While the First Line of Defense constitutes one/more Systems of Record, the Second Line of Defense is a unified System of Intelligence. The first line focuses on establishing primary spend channels for different business functions with standard processes and providing spend visibility through on-demand reporting. The second line focuses on continuously monitoring spend across channels using a judicious blend of machine & human intelligence with automation. Such a system has the capability to learn from historical spend behavior guided by a Subject Matter Expert and then leverage this learning to screen live spend to detect and predict exceptions. The key is to decouple spend monitoring (2nd line) from spend processing & analytics (1st line) to ensure that this happens independently and has a good chance of detecting whatever slips through the first line.
For Management, which is responsible for both taking and monitoring risks there is increased value:
- For Risk Takers, this would mean that anything slipping through the net in the first line is detected almost immediately providing an opportunity to correct or prevent issues at the source. To top it, there could be multiple systems through which purchases flow. A unified Spend Monitoring system would screen and reconcile everything across sources. This translates to reduced spend leakage, business disruptions, and non-compliance.
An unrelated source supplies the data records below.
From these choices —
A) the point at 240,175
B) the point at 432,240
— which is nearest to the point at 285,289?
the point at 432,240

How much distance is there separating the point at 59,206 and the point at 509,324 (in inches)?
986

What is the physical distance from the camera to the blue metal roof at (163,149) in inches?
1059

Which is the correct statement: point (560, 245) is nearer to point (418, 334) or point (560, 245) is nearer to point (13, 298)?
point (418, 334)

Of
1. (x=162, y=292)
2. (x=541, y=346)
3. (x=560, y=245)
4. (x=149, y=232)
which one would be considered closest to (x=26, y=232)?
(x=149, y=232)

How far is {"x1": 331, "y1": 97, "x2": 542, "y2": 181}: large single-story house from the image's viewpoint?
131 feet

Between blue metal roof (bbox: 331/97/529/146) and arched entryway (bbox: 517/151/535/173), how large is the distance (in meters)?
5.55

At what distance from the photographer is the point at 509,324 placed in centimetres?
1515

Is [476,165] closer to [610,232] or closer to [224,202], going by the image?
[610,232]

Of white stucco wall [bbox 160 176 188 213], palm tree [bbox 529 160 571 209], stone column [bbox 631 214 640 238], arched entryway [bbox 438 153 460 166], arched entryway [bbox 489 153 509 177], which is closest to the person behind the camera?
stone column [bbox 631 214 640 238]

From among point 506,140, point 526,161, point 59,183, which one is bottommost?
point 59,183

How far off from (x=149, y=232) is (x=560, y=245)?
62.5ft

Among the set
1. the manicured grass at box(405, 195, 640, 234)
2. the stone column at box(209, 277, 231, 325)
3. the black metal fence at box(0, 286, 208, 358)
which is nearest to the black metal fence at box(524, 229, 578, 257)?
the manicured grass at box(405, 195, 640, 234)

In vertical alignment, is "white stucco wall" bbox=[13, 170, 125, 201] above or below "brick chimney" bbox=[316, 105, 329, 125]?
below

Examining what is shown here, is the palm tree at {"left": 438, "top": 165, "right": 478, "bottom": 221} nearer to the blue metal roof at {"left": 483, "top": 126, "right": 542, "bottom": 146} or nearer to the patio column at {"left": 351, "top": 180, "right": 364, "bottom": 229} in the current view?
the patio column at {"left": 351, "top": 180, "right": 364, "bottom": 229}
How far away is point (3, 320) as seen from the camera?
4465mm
This would also enable Risk Takers to address two key questions that get asked every time an issue is detected by an auditor. (1) How did this happen? (2) How will you ensure that it will not happen again? A spend monitoring solution will leave behind an audit trail providing evidence on who allowed the transaction to go through and why. It would also enable them to put in place additional controls in the first and second line to avoid a repeat occurrence.
- For Risk Monitors, this would mean a continuous monitoring of ‘risk’ across 100% spend transactions. This translates to a significant jump in efficacy and allows them to focus on more complex issues that may require human experience and intuition. A spend monitoring solution would enable them to correlate spend information flowing through multiple systems to detect spend integrity issues. Such a system would also enable them to go beyond simple rule-based checks to analyze emerging trends and track them before they cause any damage.
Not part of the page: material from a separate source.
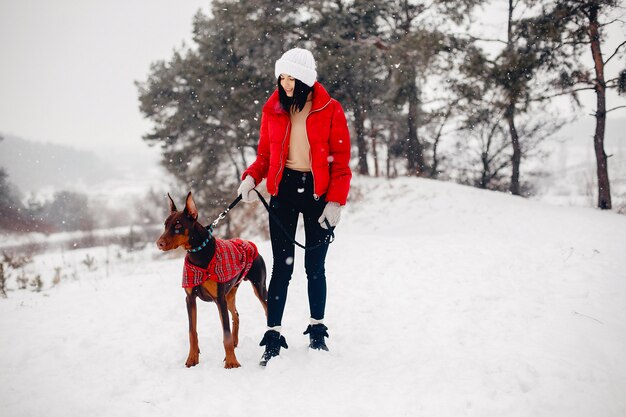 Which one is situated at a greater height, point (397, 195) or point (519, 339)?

- For Auditors (Risk Assurers), this would mean a continuous auditing of ‘risk’ across 100% of spend transactions. This would mean more focus on person audits to analyze performance through the lens of integrity and value. A spend monitoring solution would analyze machine generated trends and observations based on experience and intuition to recommend a suitable course of action.
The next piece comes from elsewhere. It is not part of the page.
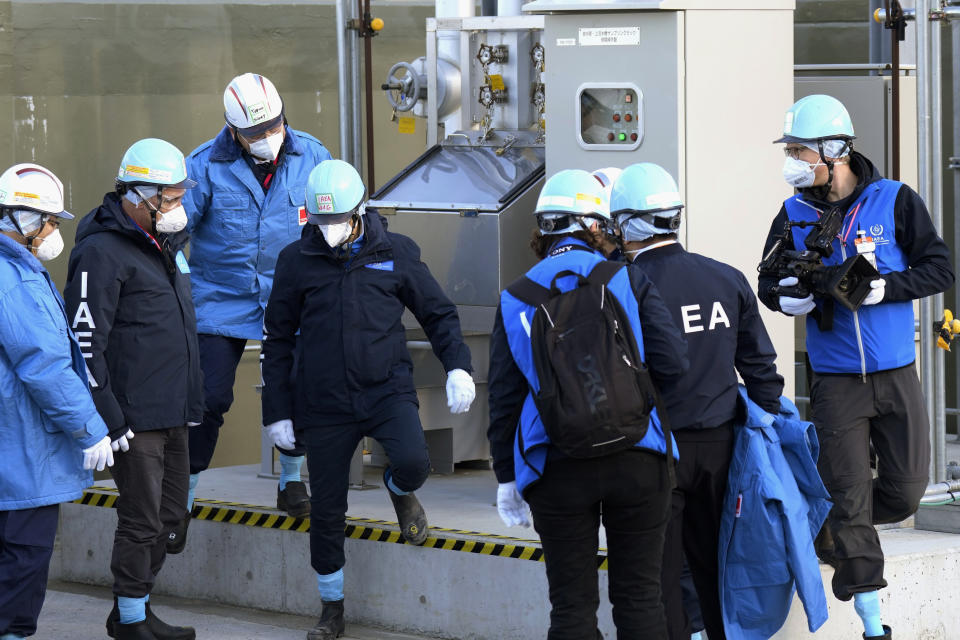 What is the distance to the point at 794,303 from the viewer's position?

There are several kinds of risk that can be managed better through a 2-step verification of purchases offered by a Spend Management and a Spend Monitoring system. For example, enterprises can save more money through various levers such as:
- Detecting and resolving purchase prices variances across items/contracts / catalogues
- Detecting and curtailing excessive freight charges
- Detecting and consolidating bulk purchases or repairs
- Detecting and preventing duplicate purchases and payments
- Detecting and claiming early payment discounts
- Detecting and reducing payment term mismatches
- Predicting and preventing delays in approvals, fulfilment, and payouts
- Predicting and preventing business disruptions from low quality goods
Overall, the digitalization of a Second Line of Defense through a Spend Monitoring solution alters the approach of managing spend from a reactive to a proactive one. It increases the element of trust across Risk Takers, Risk Monitors and Risk Assurers by providing an objective and unbiased way of scrutinizing every spend in an automated manner.